For a true definition of martyrdom, she points to the
sacrifice of Riyanto, a young man dispatched with
other members of the Nahdlatul Ulama youth militia
during Christmas several years ago to guard churches
threatened with attacks. When he discovered a bomb
outside a church, he tried to throw it out of the way
of the crowds and was killed when it blew up. Ms.
Wahid and others mark the anniversary of his death
every year. "We always tell this message: This is the
real case of martyrdom. That's the way to defend
religion, not by killing others but by defending
others' rights to practice their religion."

As uplifting as her story is, Ms. Wahid cannot speak
to Indonesians with the same authority as her father,
whose power to influence public opinion derives in
part from his credentials as an Islamic scholar.
However, Abdurrahman Wahid is 65, blind and frail. The
NU organization where he remains a towering figure may
have 40 million members, but there are power struggles
under way inside the group, and no guarantee that its
future leaders will be as wise and outspoken as he has
been.

Ms. Wahid is doing what she can to help a new
generation follow in her father's footsteps, through
the Wahid Foundation. It involves "trying to . . .
identify these young leaders, young clerics with
same-minded beliefs, and connect them with one another
and provide them with something, a house, so that they
can come out and speak. An army of able, dedicated
young men who can talk in a unified message of
tolerant and peaceful Islam."

That's an ambitious project, and Ms. Wahid says
Indonesia cannot prepare for the future without help.
It needs foreign investors "willing to take the risk,"
and more contact with the West on every level --
including contact as rudimentary as instruction in
English that will enable people to pull themselves out
of poverty. The Wahid Foundation, for instance, has a
program that tries to arrange micro-loans in rural
communities.

She's not surprised when I point out that calling for
foreign investment in a country with Indonesia's
financial reputation is a tall order. "This is a
difficult period for us," she admits, "but this is a
win-win situation for all. We have all these
resources, we have a population of 220 million, a big
market. As for rule of law . . . we're trying to
simplify the bureaucracy, the red tape and there have
been many corruption cases brought to court. The
wheels of justice are starting."

Given the threat posed by Islamic fundamentalism,
ignoring Indonesia could quickly become a lose-lose
situation. If for no other reason, she says, "the
world has an interest in making Indonesia a stable
country politically and economically so that people do
not entertain this idea that an Islamic state is a
solution to their problems. When people are hungry,
when people are poor, they can do drastic things."

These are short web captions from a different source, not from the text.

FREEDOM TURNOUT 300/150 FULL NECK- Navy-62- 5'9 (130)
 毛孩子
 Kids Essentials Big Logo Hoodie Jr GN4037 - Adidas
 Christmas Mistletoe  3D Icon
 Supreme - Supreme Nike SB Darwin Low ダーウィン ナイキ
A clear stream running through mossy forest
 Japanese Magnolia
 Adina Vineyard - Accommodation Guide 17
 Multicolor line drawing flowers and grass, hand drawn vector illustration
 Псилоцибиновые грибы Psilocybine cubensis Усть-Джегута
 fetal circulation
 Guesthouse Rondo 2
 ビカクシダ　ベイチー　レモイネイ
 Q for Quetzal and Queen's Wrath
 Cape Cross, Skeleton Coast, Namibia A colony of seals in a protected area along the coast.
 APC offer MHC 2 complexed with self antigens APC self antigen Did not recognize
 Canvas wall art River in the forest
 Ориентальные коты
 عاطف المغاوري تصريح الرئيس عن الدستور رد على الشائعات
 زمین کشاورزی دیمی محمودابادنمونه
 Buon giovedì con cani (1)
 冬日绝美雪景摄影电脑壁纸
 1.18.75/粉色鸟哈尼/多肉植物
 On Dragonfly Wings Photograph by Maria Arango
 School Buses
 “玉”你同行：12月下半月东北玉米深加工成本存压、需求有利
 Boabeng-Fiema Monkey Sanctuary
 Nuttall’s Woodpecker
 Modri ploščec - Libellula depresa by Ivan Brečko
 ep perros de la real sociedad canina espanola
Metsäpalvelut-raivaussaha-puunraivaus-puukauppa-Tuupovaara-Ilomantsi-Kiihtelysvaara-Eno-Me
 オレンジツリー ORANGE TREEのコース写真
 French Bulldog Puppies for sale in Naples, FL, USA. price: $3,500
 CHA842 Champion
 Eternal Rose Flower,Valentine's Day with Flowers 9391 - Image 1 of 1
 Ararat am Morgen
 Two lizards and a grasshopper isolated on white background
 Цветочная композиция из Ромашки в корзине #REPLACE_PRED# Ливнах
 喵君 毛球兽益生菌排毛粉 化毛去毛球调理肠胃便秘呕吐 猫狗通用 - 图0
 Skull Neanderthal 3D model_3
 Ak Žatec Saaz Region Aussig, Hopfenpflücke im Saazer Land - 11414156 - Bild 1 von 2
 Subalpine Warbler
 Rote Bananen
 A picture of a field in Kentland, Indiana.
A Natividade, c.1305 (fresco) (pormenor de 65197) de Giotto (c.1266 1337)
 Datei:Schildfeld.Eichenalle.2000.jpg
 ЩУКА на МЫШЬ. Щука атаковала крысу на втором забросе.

One could argue that by openly resisting the ideology
of Islamic extremists, Ms. Wahid herself is taking a
drastic step, albeit one born of courage, not
desperation. When I asked her where she got the
strength to speak the truth at a time when many prefer
to remain silent, she beamed and said: "This is the
real thing that defines people of faith. I have faith
in God. That's enough for my father, and enough for
myself."

Ms. Smith is a member of the Journal's editorial board.